▶ **WORK REQUIRED**
When you reach the line that holds "Zwart Goud Monogram", start copying exactly and keep going through the final line of the data, leaving out pictures.

▶ **ENTRIES PROVIDED**
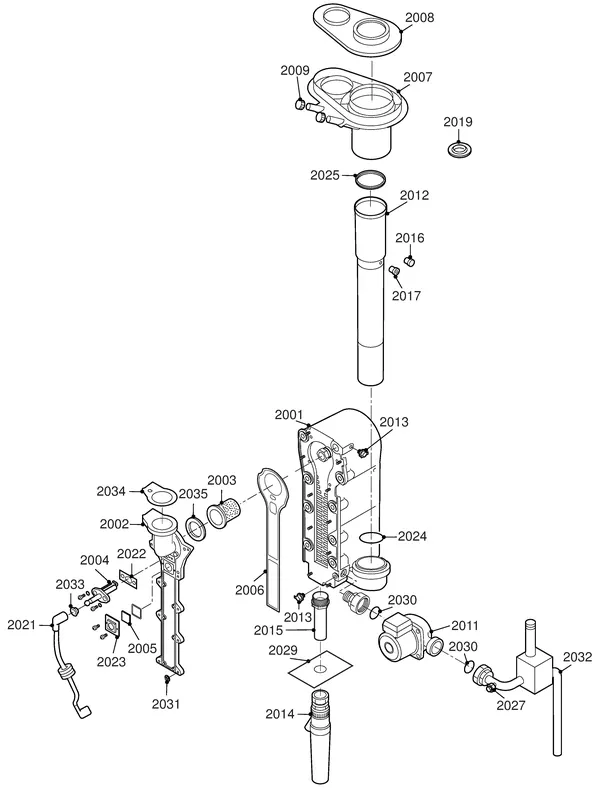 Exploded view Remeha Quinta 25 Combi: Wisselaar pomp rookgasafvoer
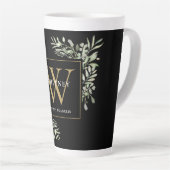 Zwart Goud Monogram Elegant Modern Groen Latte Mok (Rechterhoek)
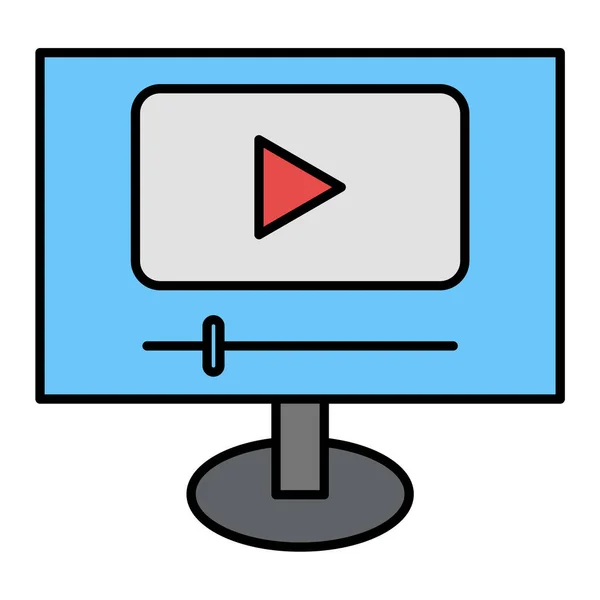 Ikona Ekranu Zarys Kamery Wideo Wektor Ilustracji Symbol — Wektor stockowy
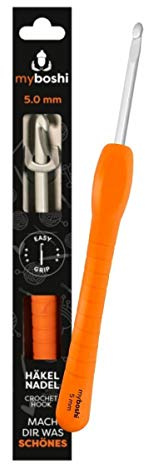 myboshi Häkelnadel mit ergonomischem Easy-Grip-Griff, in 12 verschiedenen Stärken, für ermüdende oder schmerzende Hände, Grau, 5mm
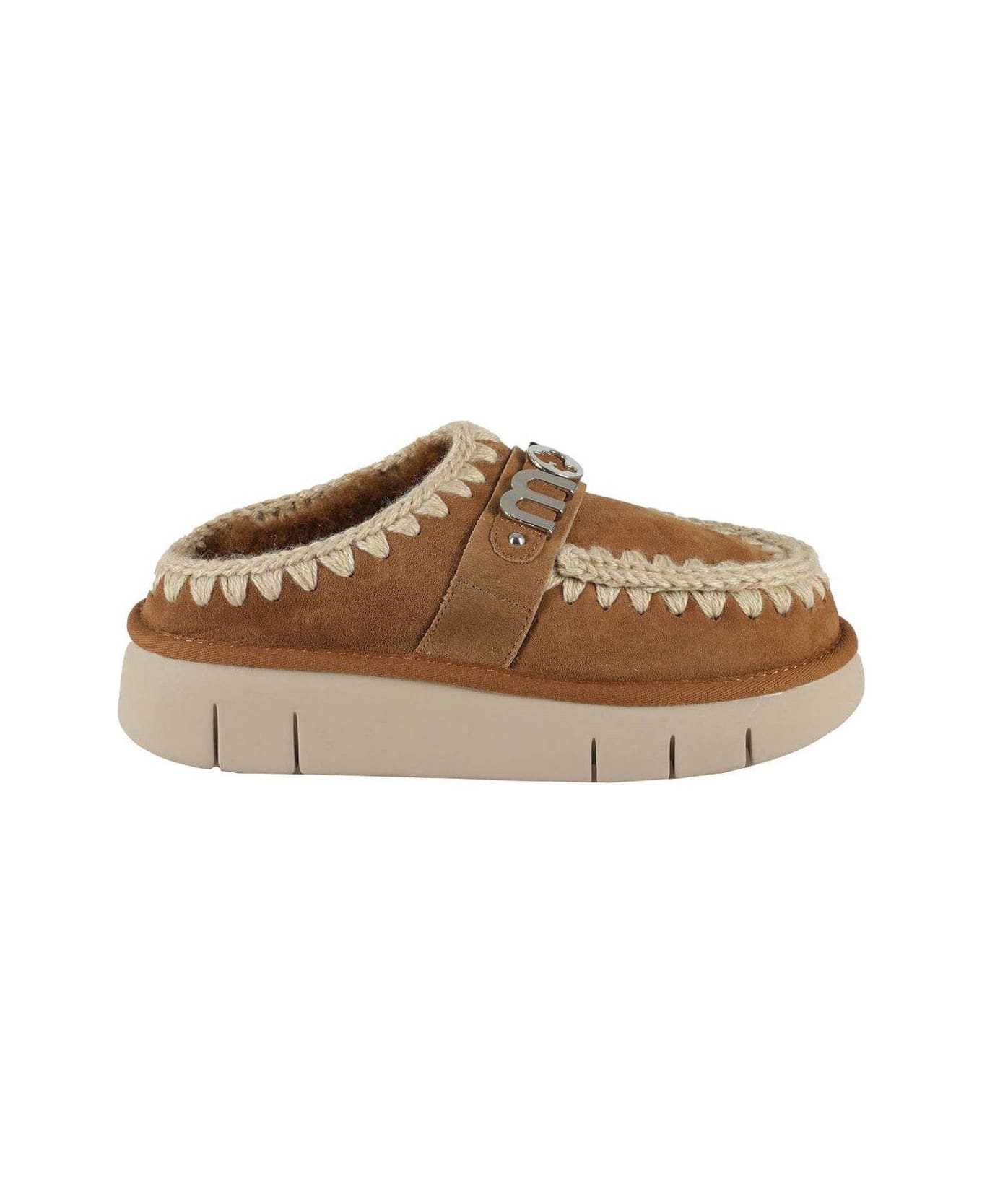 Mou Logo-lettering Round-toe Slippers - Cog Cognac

▶ **RESULT FOR THIS EXERCISE**
 Zwart Goud Monogram Elegant Modern Groen Latte Mok (Rechterhoek)
 Ikona Ekranu Zarys Kamery Wideo Wektor Ilustracji Symbol — Wektor stockowy
 myboshi Häkelnadel mit ergonomischem Easy-Grip-Griff, in 12 verschiedenen Stärken, für ermüdende oder schmerzende Hände, Grau, 5mm
 Mou Logo-lettering Round-toe Slippers - Cog Cognac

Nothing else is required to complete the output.